Supreme Court hopefuls trade spars in Davies

Aaron Vehling

Liberal. Conservative. Moderate. Independent. Democrat. Republican.

These terms are a part of nearly every campaign, and they have found their way into the Wisconsin Supreme Court election, which will be held April 1.

The candidates running for an open position on Wisconsin’s Supreme Court – Barron County Judge Ed Brunner and State Appellate Judge Pat Roggensack – spent much of their on-campus debate Monday evening discussing the place personal and political biases should have in a justice’s rulings.

Throughout the debate, which was held in the Council Fire Room in Davies Center, Roggensack said she considers herself an independent, despite a reputation as a conservative judge.

“I’m an independent, because I know what that means,” she said.

Brunner said sometimes characterizations of candidates can be misleading. He cited talk show host Charlie Sykes as making reference to him one day as a moderate and the next as an extreme liberal.

“I tell people I’ve never moved so far to the left in one day in my life,” Brunner joked.

He added that while he may bring personal and political beliefs to the bench, he has made no secret about what those biases may be.

“It takes courage to speak your mind,” he said. “Many people don’t like my stand, and I’m sure they will vote the other way.”

Roggensack again said that because she wants to be an independent judge, she should not make broad belief statements.

“I do not take personal positions on substantive issues,” she said.

Roggensack said interested parties, however, could look at her previous decisions to get a sense for how she may decide cases as a state Supreme Court justice.

“All you have to do is look on the Internet,” she said. “Anybody can find me.”

Voting citizens have a right to know where candidates stand on various issues, Brunner said. In a democracy it is wrong to leave decision-making a mystery, he said.

“You don’t have to search through cases to find (my) information (about my stand on the issues),” he said.

In addition to their disagreement on potential biases, the candidates also questioned each other’s involvement with political parties and interest groups.

Roggensack questioned whether Brunner’s openness on issues is an attempt to get votes from supporters of the interest groups his opinions seem to support.

Brunner, in turn, questioned Roggensack’s involvement with the Republican Party. He made note of Roggensack attending a recent Republican Party function as a master of ceremony.

Roggensack defended her involvement by saying that she had seen Brunner at a recent Democratic Party function. She went on to say that she meets with many people, regardless of party or other affiliation.

“Wherever people are gathered, I go,” she said. “Justices should meet with as many people as possible during an election.”

In any case, Brunner said attending an event is different than being a master of ceremonies at one.

“If you’re an independent, you’re an independent,” he said. “If you’re a party, you’re a party.”

Being an appellate judge, Roggensack said she brings a different perspective that is not represented on the current state Supreme Court. She said she has written many court opinions on cases the appellate court has seen during her time.

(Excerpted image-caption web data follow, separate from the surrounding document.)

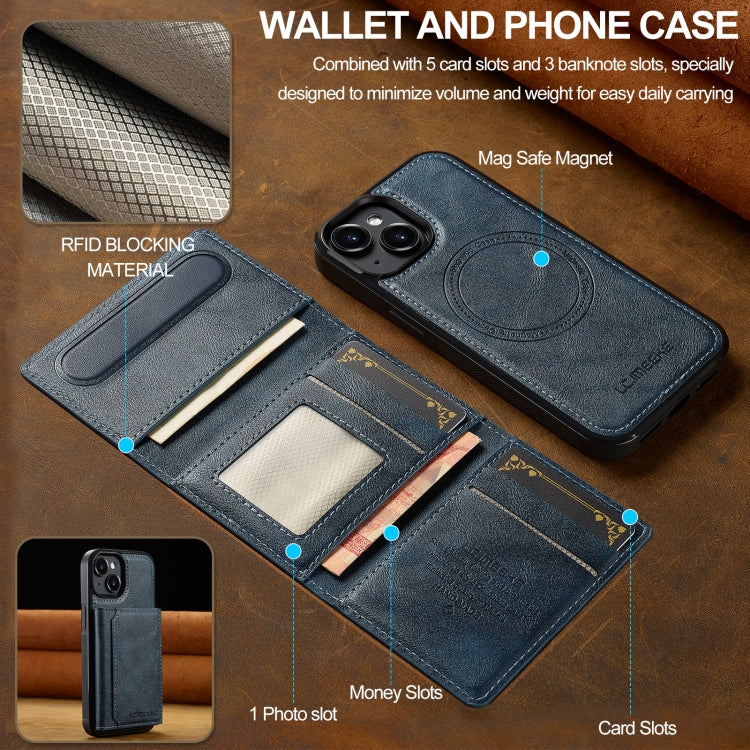 For iPhone 15 Plus / 14 Plus LC.IMEEKE L5 Series Detachable RFID Card Bag Magsafe Phone Case(Blue) - iPhone 15 Plus Cases by LC.IMEEKE | Online Shopping UK | buy2fix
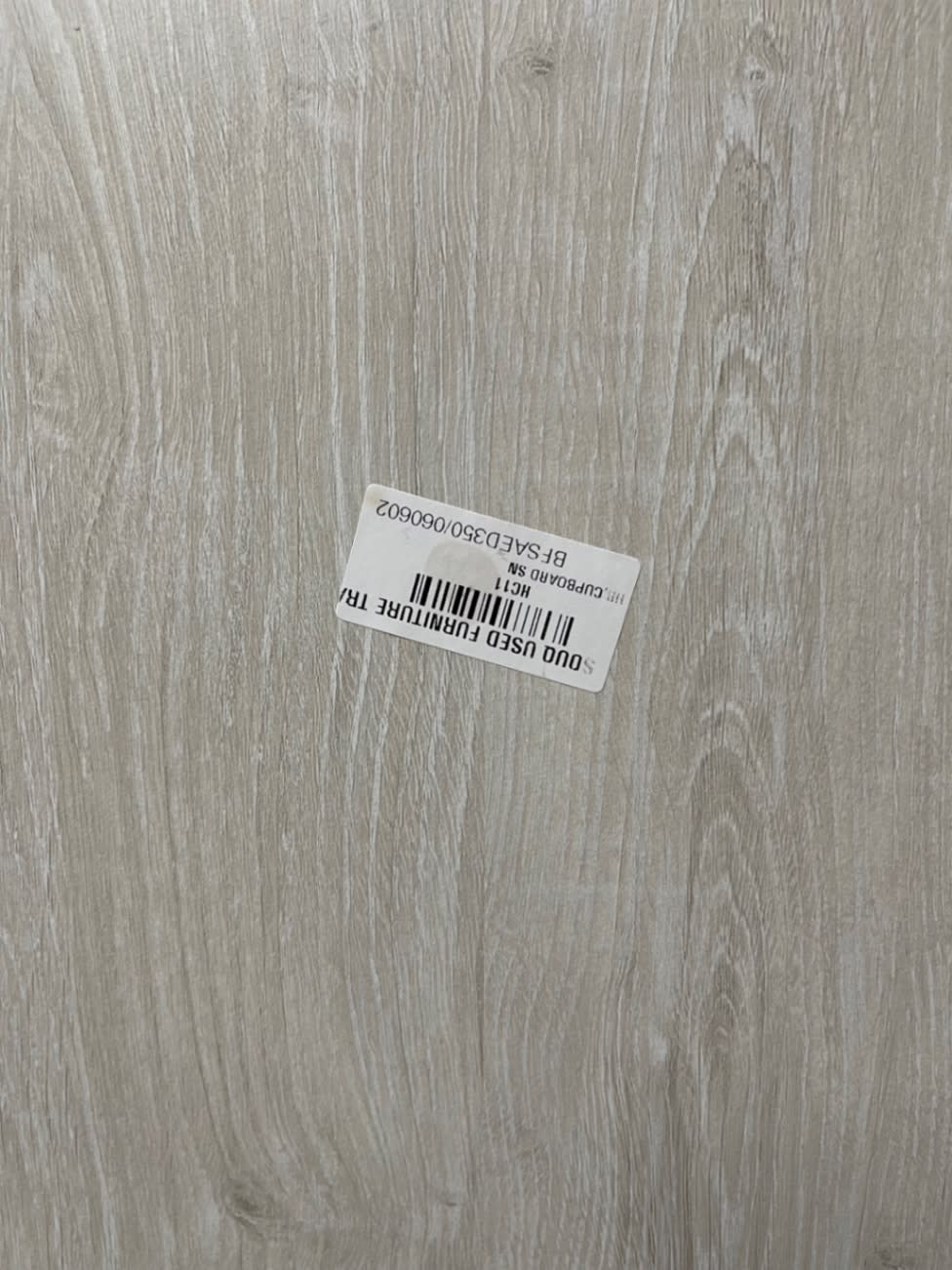 Bufaisal barcode label BFSAED350060602 for new 2-door wardrobe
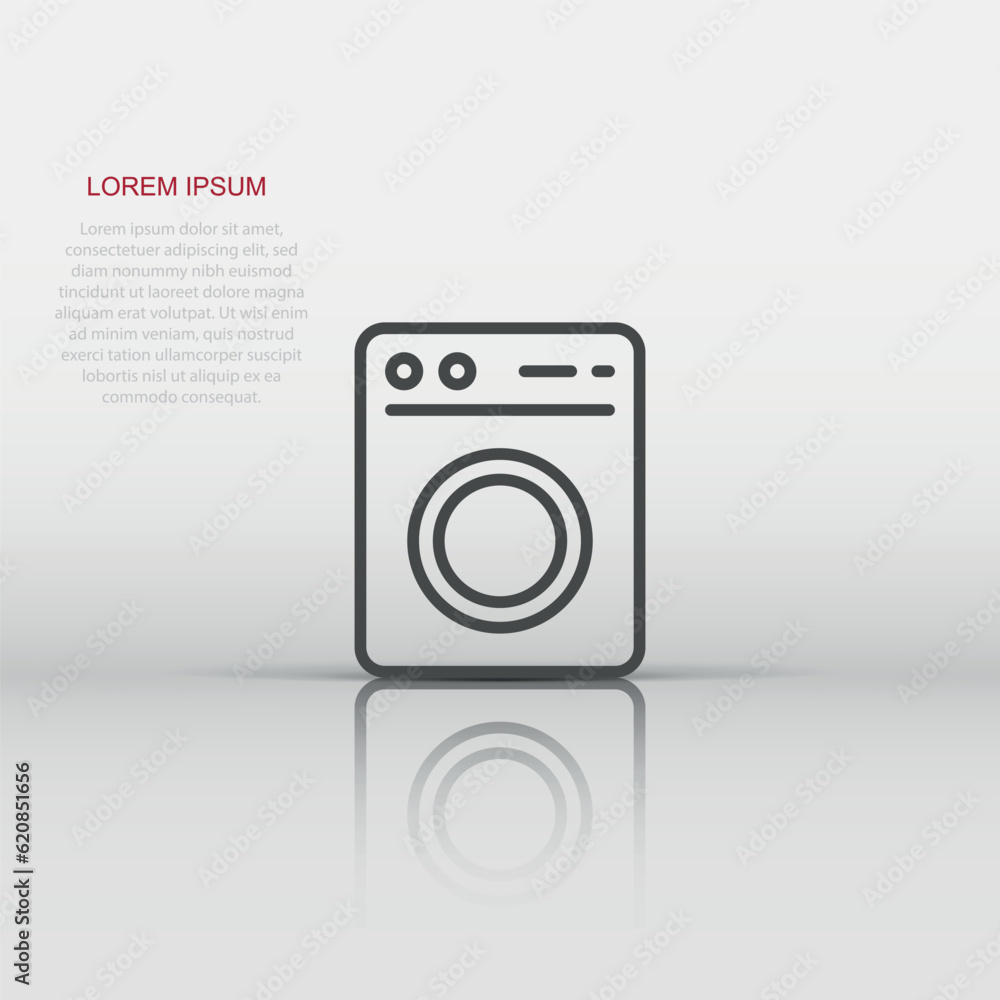 Washing machine icon in flat style. Washer vector illustration on white isolated background. Laundry business concept. Washing machine icon in flat style. Washer vector illustration on white isolated background. Laundry business concept.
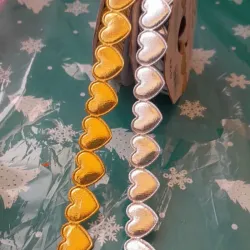 Cinta corazón  color metalico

Brunner said he is qualified for a position on the Supreme Court, because he has seen a wide variety of cases in his years as a Barron County Circuit Court judge. These cases have allowed him to affect people’s lives, he said.

“All of these cases and all of this interaction with people in the community affects the lives of real people,” he said. “The decisions that the Supreme Court will make will affect real judges and real people in the real world.”